Mandiant: Heartbleed Leads to AttackAttackers Exploited Flaw One Day After Its Disclosure
Within one day of the disclosure of the flaw known as Heartbleed, an attacker posing as an authorized user tunneled into the computer system of a major corporation, exploiting the vulnerability in the OpenSSL protocol, the breach detection firm Mandiant says.
See Also: Key Cybercrime Trends in 2016
The April 18 announcement from Mandiant follows reports of at least two other breaches tied to Heartbleed. Canadian authorities arrested a teenager this week for his alleged role in exploiting the vulnerability to steal data from the Canada Revenue Agency website. And in the UK, the website Mumsnet forced all of its users to change their passwords after it discovered that a cyber-attacker had taken advantage of the Heartbleed bug to access data from users' accounts.
Heartbleed exposes a flaw in OpenSSL, a cryptographic tool that provides communication security and privacy over the Internet for applications such as e-mail, instant messaging and some VPNs (see Heartbleed Bug: What You Need to Know).

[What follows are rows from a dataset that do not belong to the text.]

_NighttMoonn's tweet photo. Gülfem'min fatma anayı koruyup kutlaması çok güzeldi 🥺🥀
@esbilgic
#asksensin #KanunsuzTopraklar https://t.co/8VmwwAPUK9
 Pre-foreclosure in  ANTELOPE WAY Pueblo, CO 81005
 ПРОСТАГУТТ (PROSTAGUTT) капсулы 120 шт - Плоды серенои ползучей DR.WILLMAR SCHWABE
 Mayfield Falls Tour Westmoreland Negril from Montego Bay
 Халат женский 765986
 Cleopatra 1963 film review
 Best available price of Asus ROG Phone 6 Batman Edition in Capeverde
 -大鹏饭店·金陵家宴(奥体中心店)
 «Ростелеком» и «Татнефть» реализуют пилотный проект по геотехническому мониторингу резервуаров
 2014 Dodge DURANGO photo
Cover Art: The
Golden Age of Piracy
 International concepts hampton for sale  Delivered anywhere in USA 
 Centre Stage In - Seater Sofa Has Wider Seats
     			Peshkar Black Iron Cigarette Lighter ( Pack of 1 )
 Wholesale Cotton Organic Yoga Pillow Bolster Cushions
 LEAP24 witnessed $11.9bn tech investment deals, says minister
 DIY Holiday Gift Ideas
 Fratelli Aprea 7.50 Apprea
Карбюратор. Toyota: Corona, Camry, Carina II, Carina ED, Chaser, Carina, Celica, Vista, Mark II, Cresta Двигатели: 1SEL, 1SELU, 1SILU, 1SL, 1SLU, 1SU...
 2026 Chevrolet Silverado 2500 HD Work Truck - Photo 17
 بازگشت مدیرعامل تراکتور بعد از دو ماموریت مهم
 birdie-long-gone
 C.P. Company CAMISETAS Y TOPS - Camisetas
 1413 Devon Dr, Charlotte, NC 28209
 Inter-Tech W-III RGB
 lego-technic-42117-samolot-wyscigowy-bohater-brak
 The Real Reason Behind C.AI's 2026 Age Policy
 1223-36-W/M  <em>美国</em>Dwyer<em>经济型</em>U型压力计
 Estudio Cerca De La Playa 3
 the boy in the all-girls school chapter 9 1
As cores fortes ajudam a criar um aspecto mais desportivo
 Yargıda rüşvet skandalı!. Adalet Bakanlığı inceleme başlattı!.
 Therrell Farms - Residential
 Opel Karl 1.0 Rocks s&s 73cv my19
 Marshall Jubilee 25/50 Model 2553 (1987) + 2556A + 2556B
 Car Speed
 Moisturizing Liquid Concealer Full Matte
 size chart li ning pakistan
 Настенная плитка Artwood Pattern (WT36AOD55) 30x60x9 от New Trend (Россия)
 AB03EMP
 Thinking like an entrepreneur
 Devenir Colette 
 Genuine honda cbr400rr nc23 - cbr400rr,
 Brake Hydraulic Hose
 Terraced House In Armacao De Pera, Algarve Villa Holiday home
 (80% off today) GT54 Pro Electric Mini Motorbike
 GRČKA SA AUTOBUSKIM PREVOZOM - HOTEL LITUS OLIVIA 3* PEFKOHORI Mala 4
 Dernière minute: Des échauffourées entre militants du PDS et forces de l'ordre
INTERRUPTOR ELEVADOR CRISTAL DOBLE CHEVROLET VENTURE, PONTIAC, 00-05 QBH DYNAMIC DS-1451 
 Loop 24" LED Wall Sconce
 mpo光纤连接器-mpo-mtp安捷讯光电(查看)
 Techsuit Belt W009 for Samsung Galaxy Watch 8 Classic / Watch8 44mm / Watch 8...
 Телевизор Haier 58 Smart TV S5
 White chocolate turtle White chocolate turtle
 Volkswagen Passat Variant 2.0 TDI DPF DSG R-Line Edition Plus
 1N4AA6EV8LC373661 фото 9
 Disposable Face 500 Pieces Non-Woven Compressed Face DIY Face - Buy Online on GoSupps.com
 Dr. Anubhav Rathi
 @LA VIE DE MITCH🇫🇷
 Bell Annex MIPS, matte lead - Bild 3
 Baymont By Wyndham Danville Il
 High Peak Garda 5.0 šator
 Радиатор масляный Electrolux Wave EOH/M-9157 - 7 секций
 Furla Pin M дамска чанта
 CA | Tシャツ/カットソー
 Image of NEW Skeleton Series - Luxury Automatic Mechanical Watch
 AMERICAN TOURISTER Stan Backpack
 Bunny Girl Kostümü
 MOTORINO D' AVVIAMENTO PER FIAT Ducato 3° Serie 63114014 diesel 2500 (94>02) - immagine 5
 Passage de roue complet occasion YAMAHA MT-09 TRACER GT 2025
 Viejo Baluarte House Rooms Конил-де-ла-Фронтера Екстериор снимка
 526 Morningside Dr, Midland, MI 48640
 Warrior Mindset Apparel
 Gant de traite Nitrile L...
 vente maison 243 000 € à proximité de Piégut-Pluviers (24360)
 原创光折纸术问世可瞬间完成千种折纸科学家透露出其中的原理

A Mandiant blog reports that beginning on April 8, the day after the flaw was revealed, an attacker leveraged the Heartbleed vulnerability against a virtual private network appliance at one of the vendor's corporate clients and repeatedly sent malformed "heartbeat" requests to the secure Web server running on the VPN device, which used a vulnerable version of OpenSSL. That enabled the attacker to obtain active session tokens for authenticated users.
A heartbeat implementation verifies that a connection remains open by sending an arbitrary message and receiving a response to it.
A Mandiant spokeswoman declined to identify the breached corporation. She says the assailant or assailants tried about 1,000 times before successfully capturing passwords to commandeer user sessions by exploiting the flaw.
Bypassing Multifactor Authentication
"With an active session token, the attacker successfully hijacked multiple active user sessions and convinced the VPN concentrator that he/she was legitimately authenticated," according to the Mandiant blog.
Researchers at Mandiant say the attack bypassed the corporation's multi-factor authentication as well as the VPN client software used to validate that systems connecting to the VPN are owned by the corporation and running specific security software.
Mandiant says it identified and confirmed the exploit method by analyzing intrusion detection system signatures and VPN logs. The victim organization implemented a set of signatures to identify Heartbleed network activity. The intrusion detection system presented more than 17,000 alerts during the intrusion. The source of the heartbeat response was the organization's internal secure sockets layer VPN device, the breach detection vendor says.